Anecdotally, violence and crime keep are getting worse. Recent clashes between police and drug traffickers in the city’s impoverished favela neighborhoods have resulted in dozens of shootings. Last month, a police helicopter crashed in the gritty City of God favela, killing four officers.
And now, new official statistics from Rio’s Public Security Institute show that the city is, indeed, facing a severe surge in crime from just last year.
We’ve put together three charts that illustrate some of the most shocking numbers.
From January to October, there were over 30,000 more robberies reported in Rio than in the first 10 months of 2015 — a whopping 48 percent increase.
As Brazil’s economy craters, Rio has been hit especially hard. The city and state once had a booming oil industry, but thousands of jobs have been lost following the meltdown of the state oil company, Petrobras, which is caught in a massive corruption scandal.

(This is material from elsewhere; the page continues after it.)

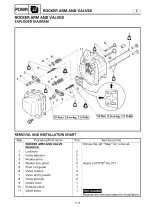 1995 Yamaha 4AC, 4MHU, 4AS, 4BC, 5C, 5MHU, 5CS Outboard Service & Repair Manual (P/N LIT-18616-01–33) – preview page 6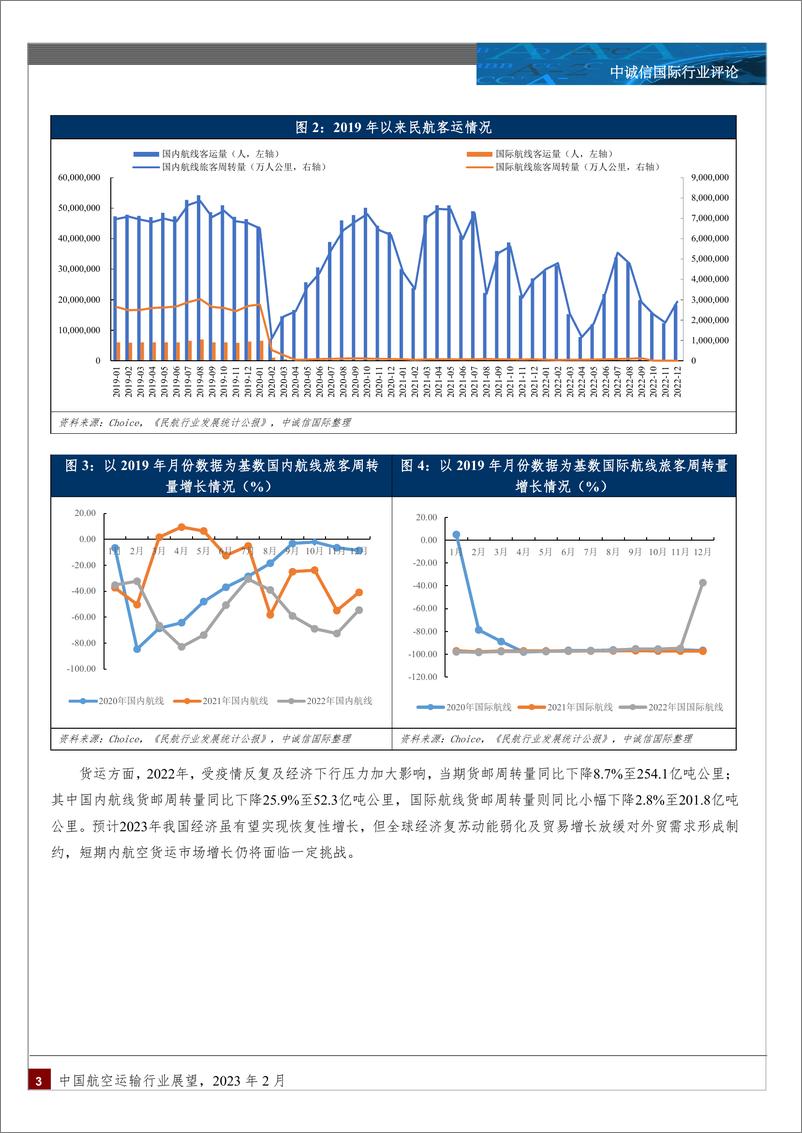 《中诚信-中国航空运输行业展望（2023年2月）-13页》 - 第3页预览图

Drug gangs are also making a forceful return to the favelas, leading to a rise in everything from petty crime to murders, says Silvia Ramos, a sociologist at the Center for Security and Citizenship Studies at Rio’s Candido Mendes University.
Ramos says a “pacification” program, that sent thousands of military police to “invade” and set up permanent commands in the favelas, has proved a comprehensive failure.
“There’s no doubt at this point that we are living in a situation where the drug bosses are coming back and we’re seeing a big increase in violent and other crime that is very similar to what we had before the UPPs,” Ramos says, using the Portuguese initials for the police occupation.
In the first 10 months of 2016, crimes involving deadly force — including deliberate killing, "bodily injury followed by death" and "homicide resulting from opposing police intervention" (literal translations from the Portuguese crime labels) — jumped 21 percent compared with the same period in 2015.
Ramos says this is almost certainly a result of the breakdown of the pacification program. As narco-traffickers become more confident and reclaim their old territory, Rio is regressing to the bad old days of turf wars between rival gangs and fierce police pursuits of drug bosses inside the favelas.
“What is pretty much dead at this point is the whole idea of ‘pacification,’” Ramos says. “The idea that if you put a permanent presence in the favela, you won’t have a permanent presence of traffickers using weapons of war.”
Rio de Janeiro recorded more than 600 more homicides in the first 10 months of 2016 than it did in the same period last year, an increase of 18 percent.
To put Rio’s murder numbers in perspective, let’s compare it to Chicago, where gun violence and murder have grabbed lots of attention lately. Chicago had 474 murders in the first eight months of 2016, a shocking 50 percent increase from last year.
Rio, with about double the population of Chicago, had 3,649 murders in that time period, almost eight times as many.